In the present work, fracture mechanics of linear viscoelastic materials is investigated numerically and experimentally. Herein, an effective and accurate meshfree method is developed to analyze fracture mechanics in viscoelastic problems. To this end, an incremental approach with higher-order finite difference (FD) schemes for analysis of viscoelastic materials in the time domain, along with an improved meshfree method based on the global weak formulation, i.e. the radial point interpolation method (RPIM), is employed. An accurate and efficient integration approach with minimum computational cost, i.e. the background decomposition method (BDM), is also used to compute the domain integrals. To evaluate the accuracy and efficiency of the proposed numerical method, first, two example problems are provided and the robustness of the presented method is assessed.

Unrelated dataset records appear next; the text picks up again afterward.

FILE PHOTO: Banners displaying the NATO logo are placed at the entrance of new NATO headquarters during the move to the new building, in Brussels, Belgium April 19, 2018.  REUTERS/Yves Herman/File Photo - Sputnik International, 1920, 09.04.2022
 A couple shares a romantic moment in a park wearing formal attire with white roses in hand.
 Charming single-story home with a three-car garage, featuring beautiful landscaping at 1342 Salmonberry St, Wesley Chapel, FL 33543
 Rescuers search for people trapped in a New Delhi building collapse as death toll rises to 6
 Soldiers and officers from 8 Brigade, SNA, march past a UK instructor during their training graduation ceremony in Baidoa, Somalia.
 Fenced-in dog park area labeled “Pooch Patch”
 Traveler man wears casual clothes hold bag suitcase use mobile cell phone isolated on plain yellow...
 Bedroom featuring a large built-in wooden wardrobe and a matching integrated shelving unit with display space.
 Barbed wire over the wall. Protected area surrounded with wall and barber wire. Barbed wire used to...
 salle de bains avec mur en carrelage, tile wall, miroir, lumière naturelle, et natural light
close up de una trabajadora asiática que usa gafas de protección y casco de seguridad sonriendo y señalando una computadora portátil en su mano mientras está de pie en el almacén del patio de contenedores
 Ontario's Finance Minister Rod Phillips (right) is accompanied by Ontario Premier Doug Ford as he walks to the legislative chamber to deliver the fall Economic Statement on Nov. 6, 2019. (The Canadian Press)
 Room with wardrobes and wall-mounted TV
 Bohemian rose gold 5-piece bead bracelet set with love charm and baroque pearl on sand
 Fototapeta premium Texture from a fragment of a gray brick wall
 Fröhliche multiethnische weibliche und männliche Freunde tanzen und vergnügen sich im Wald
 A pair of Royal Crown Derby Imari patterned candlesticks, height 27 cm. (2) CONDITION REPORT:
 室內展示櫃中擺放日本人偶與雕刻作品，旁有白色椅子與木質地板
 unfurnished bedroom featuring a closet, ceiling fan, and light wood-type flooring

Then, a non-contact full-field optical method, i.e. the digital image correlation technique, is utilized to investigate the viscoelastic fields of a polymer, polymethyl-methacrylate (PMMA), during crack propagation in mode I. Also, in order to properly model the fracture behavior of this material by the meshfree RPIM, the mechanical properties of the PMMA, including the Prony viscoelastic parameters, are obtained by an ASTM test method. Moreover, the obtained results from the DIC test and also the load-displacement curve of the cracked specimen are compared with the results of the proposed meshfree RPIM and a very close agreement is observed.